South Korean animated television miniseries

The Haunted House Special: Joseon Exorcism Annals is a South Korean animated television miniseries directed by Seok Jong-seo for the streaming service TVING, based on the Haunted House franchise. This is the second franchise to be a OVA, it is a sequel to The Haunted House Special: The Vampire of Light and the Child of Darkness.
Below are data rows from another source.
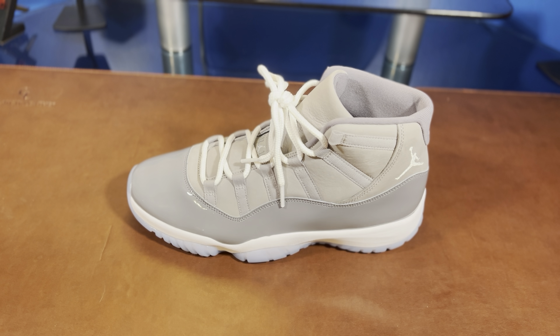All right guys, so on feet, these are pretty great actually. They feel more comfortable step-in wise compared to my Bread 11s from the 2019 release. The polyurethane insole definitely makes it feel a lot squishier and they feel like they're already broken in, kind of in that sense. The upper feels good and the shape is great around your foot.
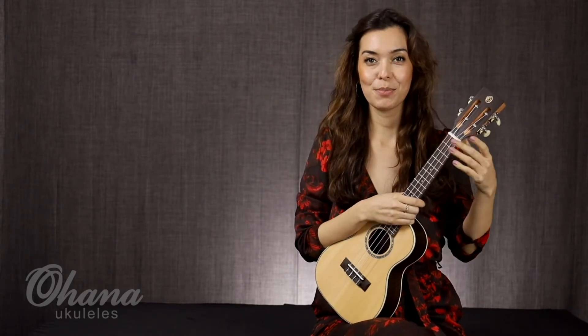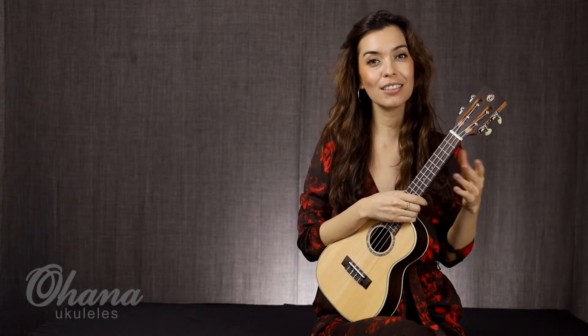Hello, welcome. My name is Bernadette and I'm from the Bernadette Teaches Music YouTube channel. Today I'm at Ohana headquarters testing out their ukuleles.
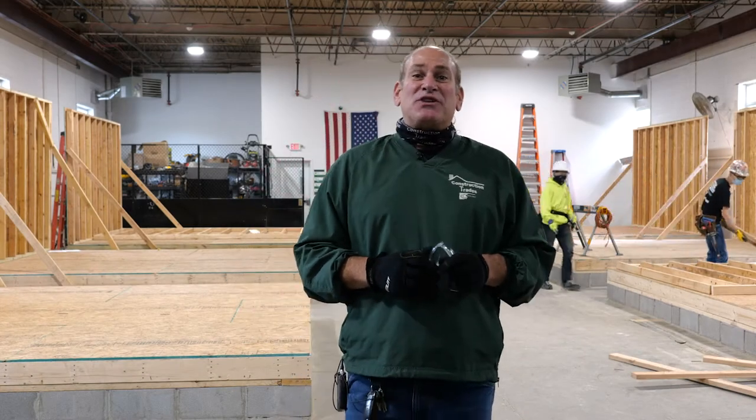All right, how's everybody doing today? I'm Mr. Zibny and I teach the Construction Trades Program at Mayfield High School.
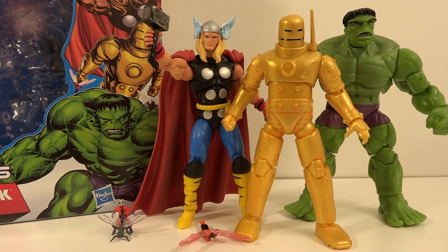I'm here with another viewer review, this time of the Marvel Universe Classic Avengers 3-pack, consisting of Ant-Man, The Wasp, Thor, Iron Man, and The Hulk.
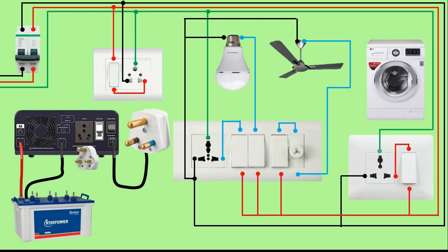Friends, understand one thing: here we use our inverter to run low-load equipment like our bulb, fan, and socket. We don't run the washing machine through this inverter because this washing machine takes more load. Now if you want to run this machine through the inverter then your battery should have a lot of capacity. That's why we use the inverter for low-load equipment in our house.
The Haunted House Special: Joseon Exorcism Annals was released on TVING on July 14 to 21, 2023. The series takes place between the events of the season 4, and follows Hari and her friends were time traveling through to the past by Geumbi in the Joseon.

==Voice cast==
- Kim Young-eun as Hari Koo
- Kim Chae-ha as Doori Koo
- Jo Hyeon-jeong as Shinbi
- Shin Yong-woo as Kang-lim Choi
- Yang Jeong-hwa as Geumbi

==Episodes==

| No. | Title | Original release date |
|---|---|---|
| 1 | "Hyeonrang, black wolf with red eyes" Transliteration: "Hyeonlang, bulg-eun nun-ui geom-eun neugdae" (Korean: 현랑, 붉은 눈의 검은 늑대) | July 14, 2023 |
| 2 | "Hyeon-gwi, servant with a strange mask" Transliteration: "Hyeongwi, goeihan gamyeon-ui sijong" (Korean: 현귀, 괴이한 가면의 시종) | July 14, 2023 |
| 3 | "Joseon Dynasty's Gakgui, Immortal Gkokdu" Transliteration: "Joseon gaggwi, bulmyeol-ui kkogdu" (Korean: 조선 각귀, 불멸의 꼭두) | July 21, 2023 |
| 4 | "King of demons, half-human, half-ghost puppeteer" Transliteration: "Gaggwideul-ui wang, ban-inbangwi inhyeongsulsa" (Korean: 각귀들의 왕, 반인반귀 인형술사) | July 21, 2023 |

==Release==
The Haunted House Special: Joseon Exorcism Annals premiered on TVING on July 14 to 21, 2023, with four episodes in half. The special episode aired on Tooniverse on November 2, 2023.

==Production==
On April 27, 2023, it was announced as a teaser poster that this franchise is going to be a second Special OVA on the OTT streaming platform TVING. After The Haunted House: Ghost Ball ZERO was ended in part 1, the special episode was reveal on June 16, 2023, to be released on July 14, 2023.

The original soundtrack opening "Hariga" and ending "Hi To You" was performed by the Korean singer Jane Lee (TO1) and Song Yujin.